**Task requirements**
Go through the records below and set each one down exactly, leaving out any pictures.

|---|

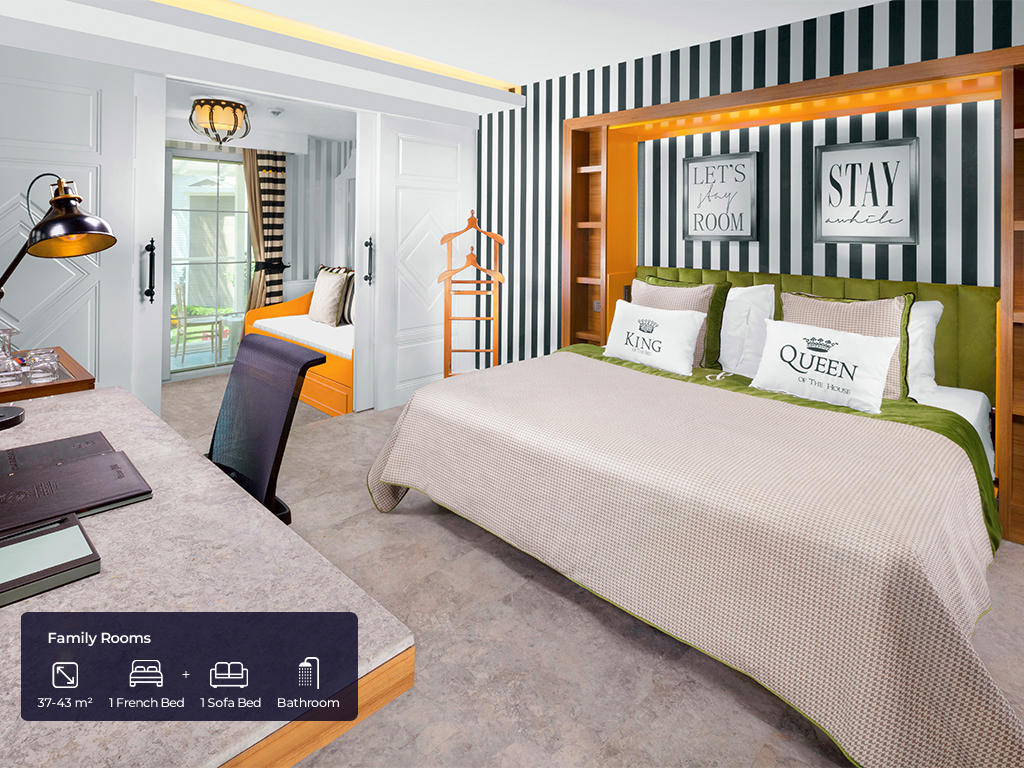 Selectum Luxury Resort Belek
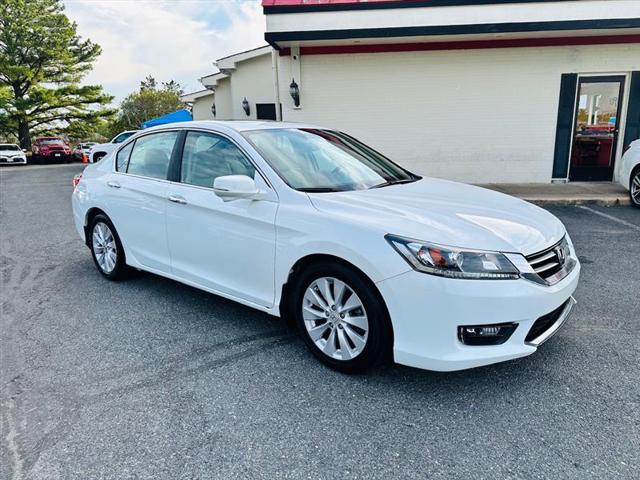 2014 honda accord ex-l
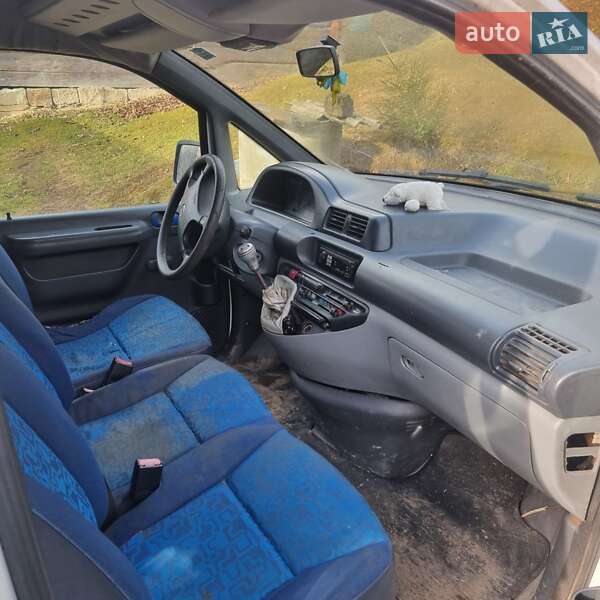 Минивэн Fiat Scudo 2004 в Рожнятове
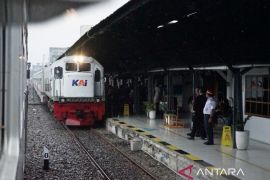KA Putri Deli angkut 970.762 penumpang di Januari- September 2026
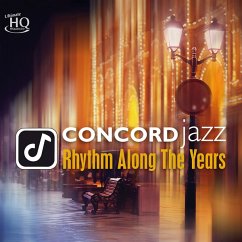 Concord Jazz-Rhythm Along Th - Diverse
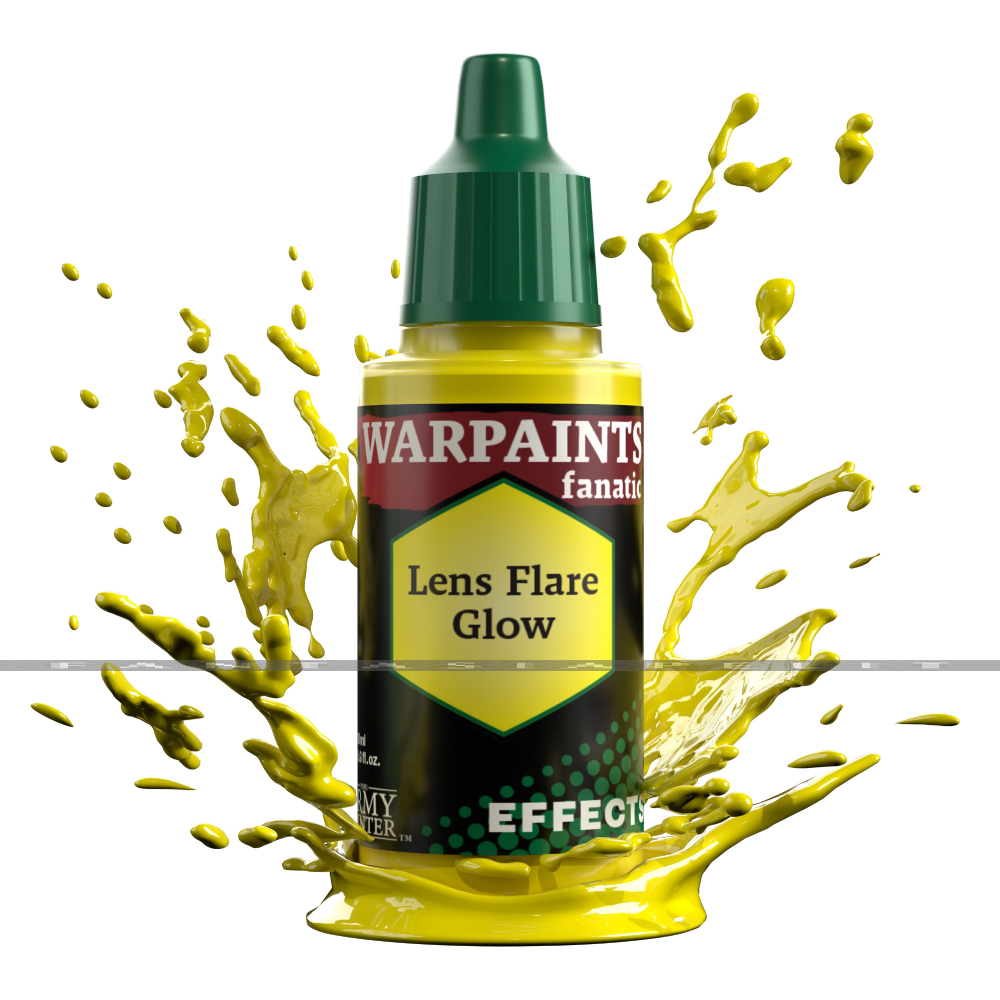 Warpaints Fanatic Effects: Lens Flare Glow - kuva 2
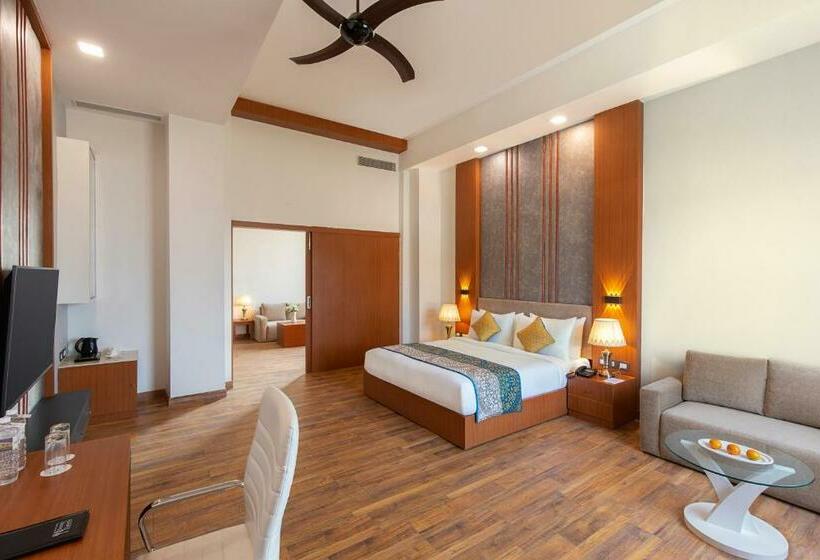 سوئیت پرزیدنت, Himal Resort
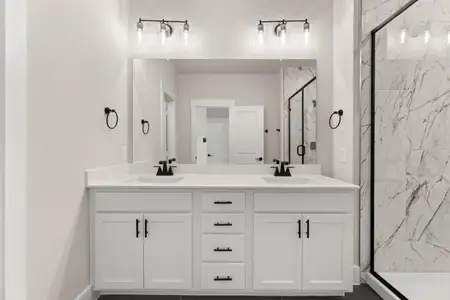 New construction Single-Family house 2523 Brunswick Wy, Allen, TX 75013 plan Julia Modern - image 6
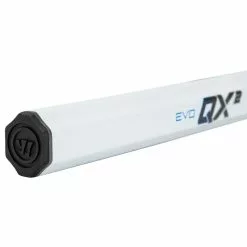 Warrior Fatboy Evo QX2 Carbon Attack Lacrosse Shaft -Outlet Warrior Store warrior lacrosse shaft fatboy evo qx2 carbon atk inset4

|---|

**Solution to the exercise**
 Selectum Luxury Resort Belek
 2014 honda accord ex-l
 Минивэн Fiat Scudo 2004 в Рожнятове
KA Putri Deli angkut 970.762 penumpang di Januari- September 2026
 Concord Jazz-Rhythm Along Th - Diverse
 Warpaints Fanatic Effects: Lens Flare Glow - kuva 2
 سوئیت پرزیدنت, Himal Resort
 New construction Single-Family house 2523 Brunswick Wy, Allen, TX 75013 plan Julia Modern - image 6
 Warrior Fatboy Evo QX2 Carbon Attack Lacrosse Shaft -Outlet Warrior Store warrior lacrosse shaft fatboy evo qx2 carbon atk inset4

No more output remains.